Carboplatin-pegylated liposomal doxorubicin-bevacizumab is the new standard of care for women with recurrent ovarian cancer sensitive to treatment with platinum-based and antiangiogenic treatment, researchers say.
"This is the first phase-3 study comparing two bevacizumab-containing regimens in recurrent ovarian cancer," Dr. Jacobus Pfisterer of the Gynecologic Oncology Center in Kiel, Germany, told Reuters Health by email. "The experimental arm did better than the current standard of care with respect to progression-free survival and overall survival, with no new toxicities."
German national guidelines were changed to incorporate the study results, he noted. "The experimental arm is the new standard of care. The next step is a phase-3 study adding immunotherapy" to this regimen, he said.
The multicenter open-label trial involved 682 patients (median age, about 63) randomized to receive carboplatin-pegylated liposomal doxorubicin-bevacizumab (experimental group) or carboplatin-gemcitabine-bevacizumab (standard group).
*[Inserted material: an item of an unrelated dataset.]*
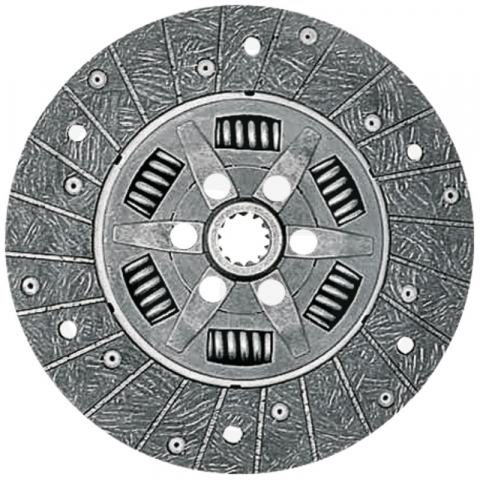 Tipuri de tractoare: 323, 353, 383, 423, 453, 433, 533, 440, 540 - Disc ambreaj Case-IH 423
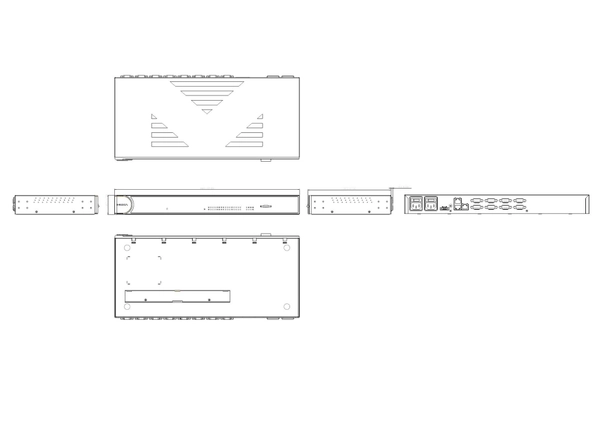 MGate MB3660-8-2AC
The experimental group received six cycles of bevacizumab (10 mg/kg, days 1 and 15) plus carboplatin (area under the concentration curve 5, day 1) plus pegylated liposomal doxorubicin (30 mg/m2, day 1) every four weeks.
The standard group received six cycles of bevacizumab (15 mg/kg, day 1) plus carboplatin (AUC 4, day 1) plus gemcitabine (1000 mg/m2, days 1 and 8) every three weeks.
Both regimens were followed by maintenance bevacizumab (15 mg/kg every three weeks until disease progression or unacceptable toxicity).
As reported in The Lancet Oncology, median progression-free survival was 13.3 months in the experimental group versus 11.6 months in the standard group (hazard ratio, 0.81).
Median overall survival, a secondary endpoint, was 31.9 months in the experimental group versus 27.8 months in the standard group (HR 0.81).
Eighty-four patients (11%, experimental group vs.14%, standard) received post-progression bevacizumab for a median duration of 20.5 days (both groups).
Almost all patients had at least one adverse event during the study (98% vs. 97%).
The most common grade 3 or 4 adverse events were hypertension (27%, experimental vs. 20%, standard) and neutropenia (12% vs. 22%). Serious adverse events occurred in 10% of experimental group patients and 9% of those in the standard group.
One treatment-related death occurred in the experimental group (large intestine perforation) and two in the standard group (one case each of osmotic demyelination syndrome and intracranial hemorrhage).
The authors conclude, "Carboplatin-pegylated liposomal doxorubicin-bevacizumab is a new standard treatment option for platinum-eligible recurrent ovarian cancer."
Dr. Richard Penson of Massachusetts General Hospital in Boston, author of a related editorial, commented by email to Reuters Health, "The unexpected result was that carboplatin, pegylated liposomal doxorubicin, and bevacizumab (CD-BEV) improved overall survival by four months, with significant improvements in quality of life, meeting all the criteria for a new standard of care."
"Establishing 'optimal' chemotherapy is a complicated trade-off between being toxic to the cancer and kind to the patient," he said. "CD-BEV may have that balance just right, though guidelines tend to reflect clinicians' wish to maximize the number of options, rather than ranking them."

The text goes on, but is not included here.